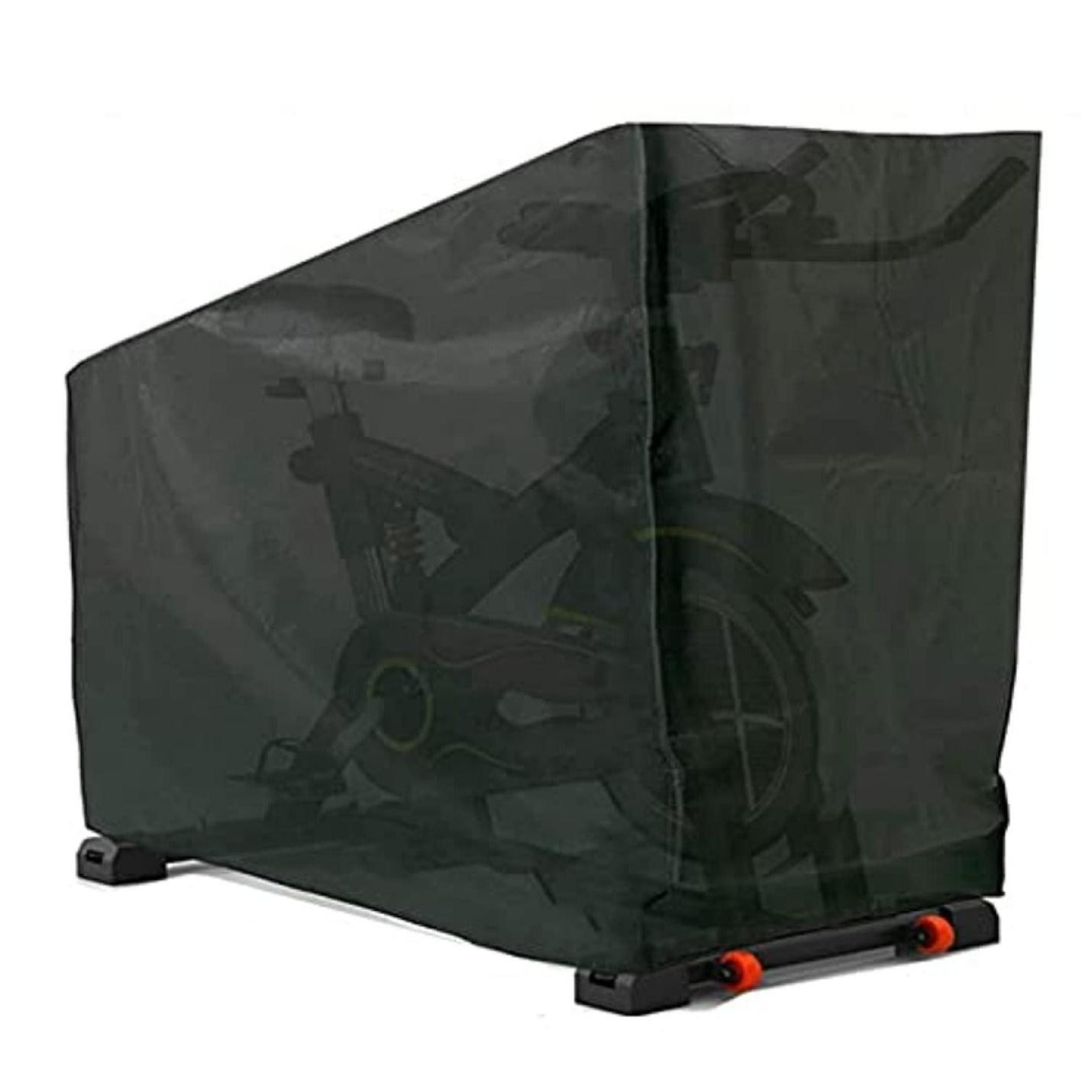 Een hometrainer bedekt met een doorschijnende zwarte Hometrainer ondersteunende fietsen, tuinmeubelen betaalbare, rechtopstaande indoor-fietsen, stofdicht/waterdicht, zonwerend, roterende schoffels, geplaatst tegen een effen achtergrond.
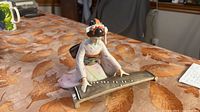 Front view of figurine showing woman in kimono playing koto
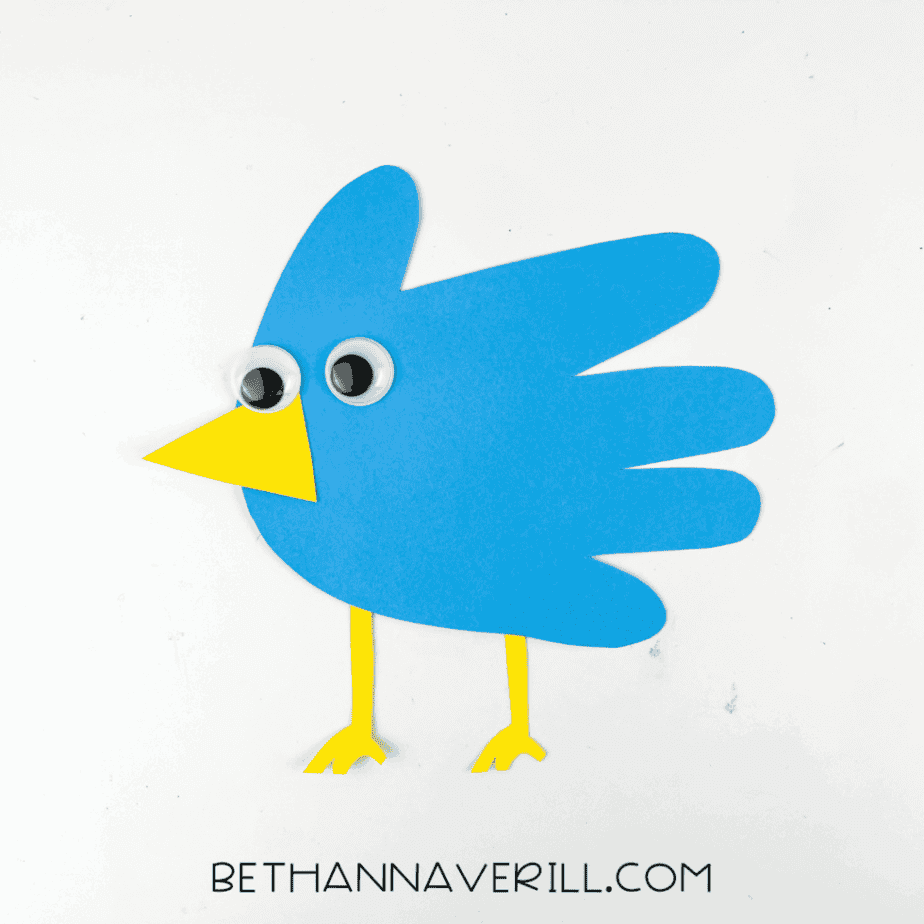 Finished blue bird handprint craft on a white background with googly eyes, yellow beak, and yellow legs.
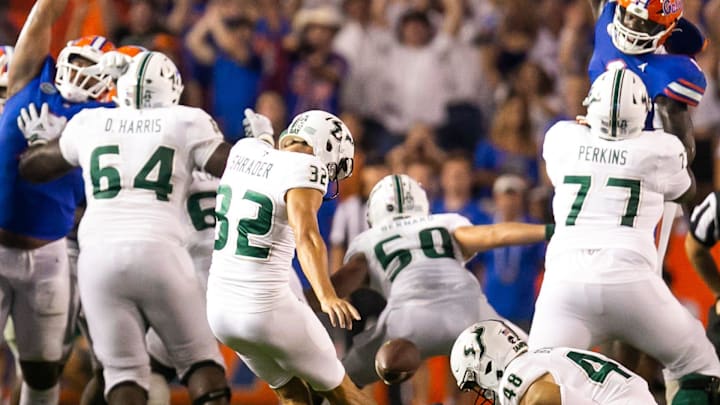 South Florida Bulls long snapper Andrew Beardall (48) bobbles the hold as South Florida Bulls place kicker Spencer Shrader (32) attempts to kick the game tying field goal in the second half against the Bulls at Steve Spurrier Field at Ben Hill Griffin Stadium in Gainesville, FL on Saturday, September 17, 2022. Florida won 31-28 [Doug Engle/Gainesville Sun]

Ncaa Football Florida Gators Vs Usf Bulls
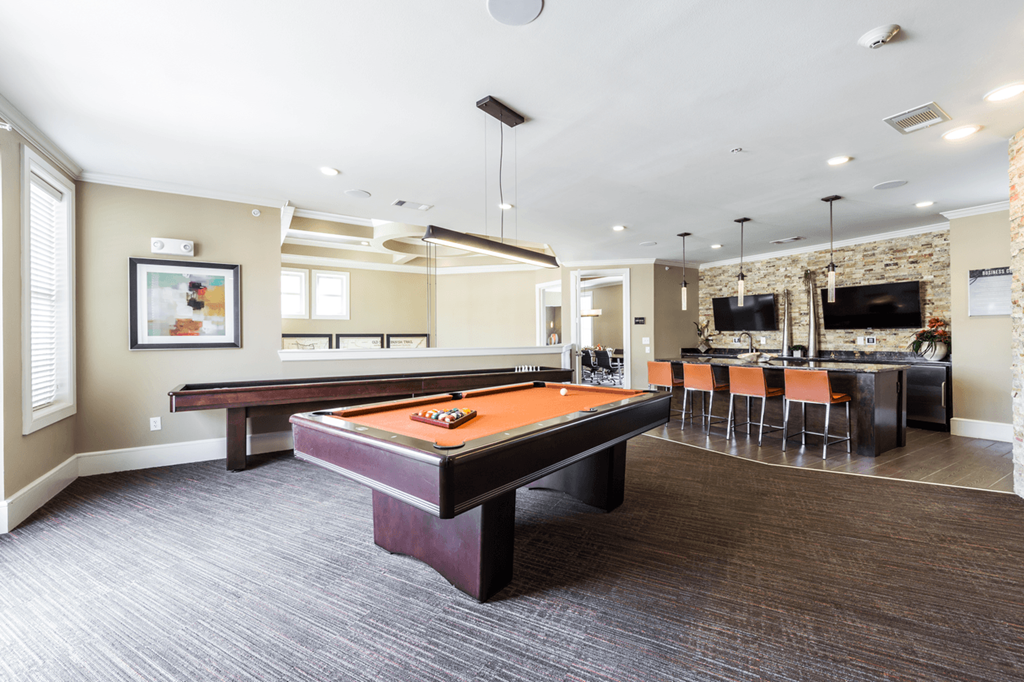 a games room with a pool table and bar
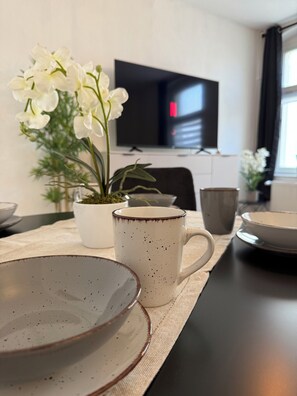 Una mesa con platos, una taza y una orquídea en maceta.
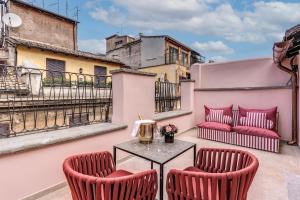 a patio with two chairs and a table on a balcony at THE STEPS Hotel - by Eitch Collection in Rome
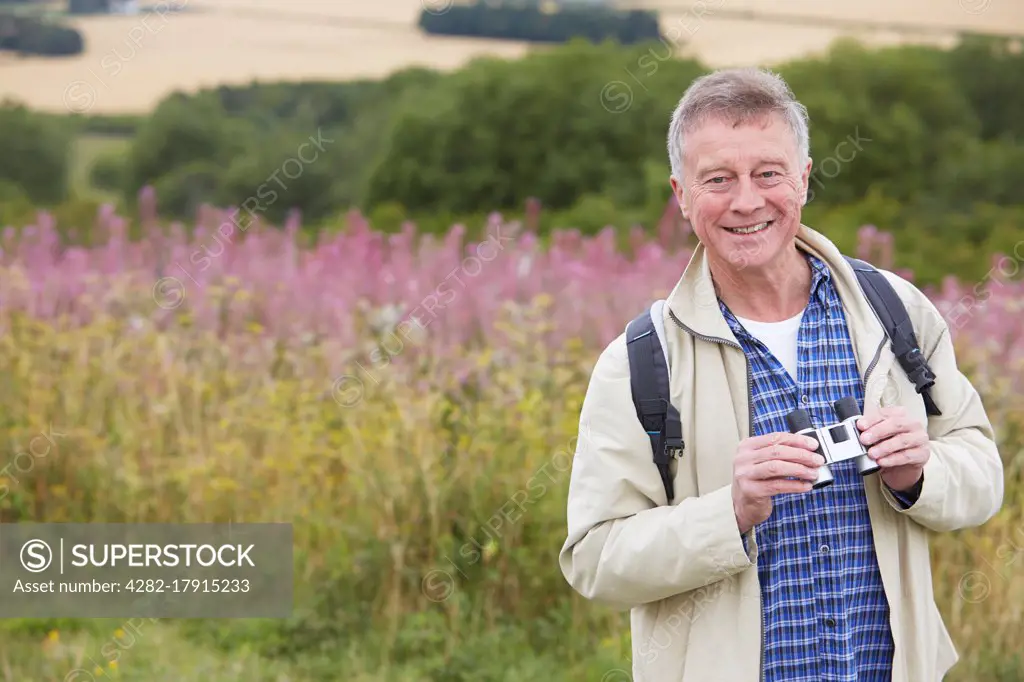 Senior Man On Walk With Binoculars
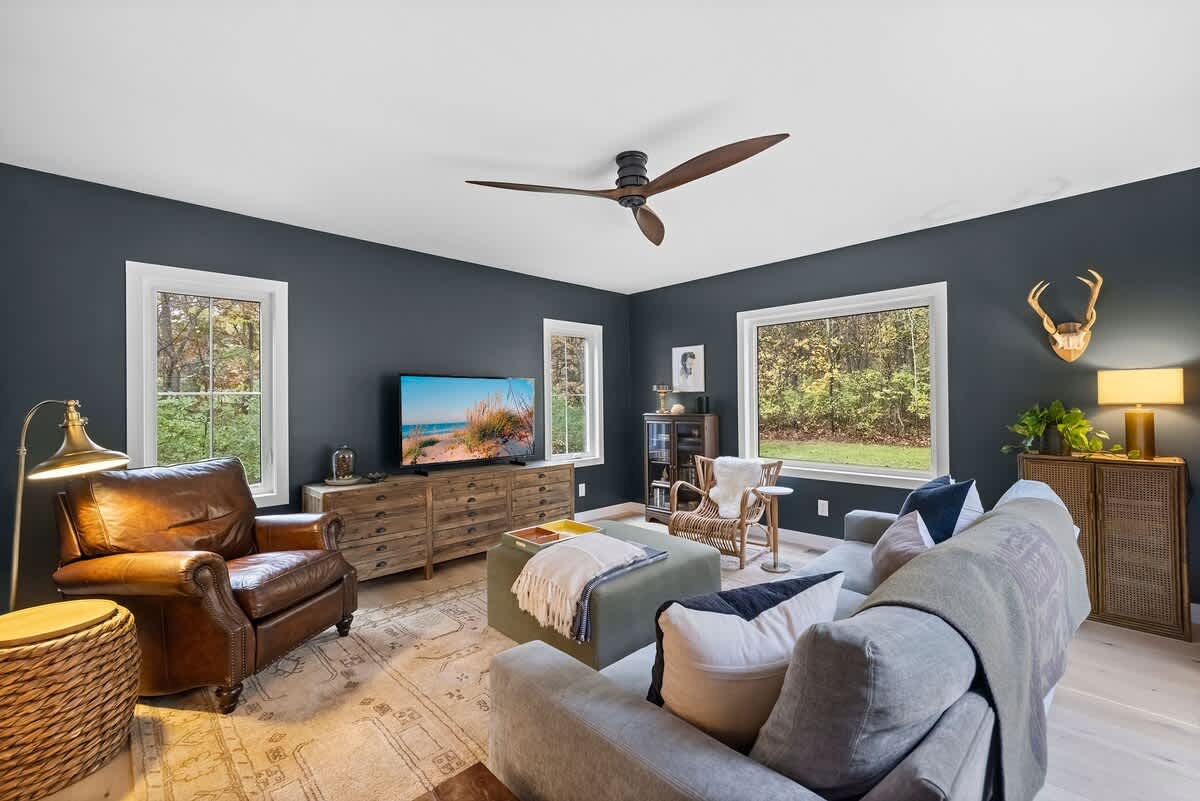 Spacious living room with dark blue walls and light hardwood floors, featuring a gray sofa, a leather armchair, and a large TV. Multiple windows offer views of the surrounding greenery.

:: REQUIREMENT ::
Make an exact copy of the records from their first line through the line containing "Front view of", both ends included, with the pictures omitted.

:: RESPONSE TO THIS TASK ::
 Een hometrainer bedekt met een doorschijnende zwarte Hometrainer ondersteunende fietsen, tuinmeubelen betaalbare, rechtopstaande indoor-fietsen, stofdicht/waterdicht, zonwerend, roterende schoffels, geplaatst tegen een effen achtergrond.
 Front view of figurine showing woman in kimono playing koto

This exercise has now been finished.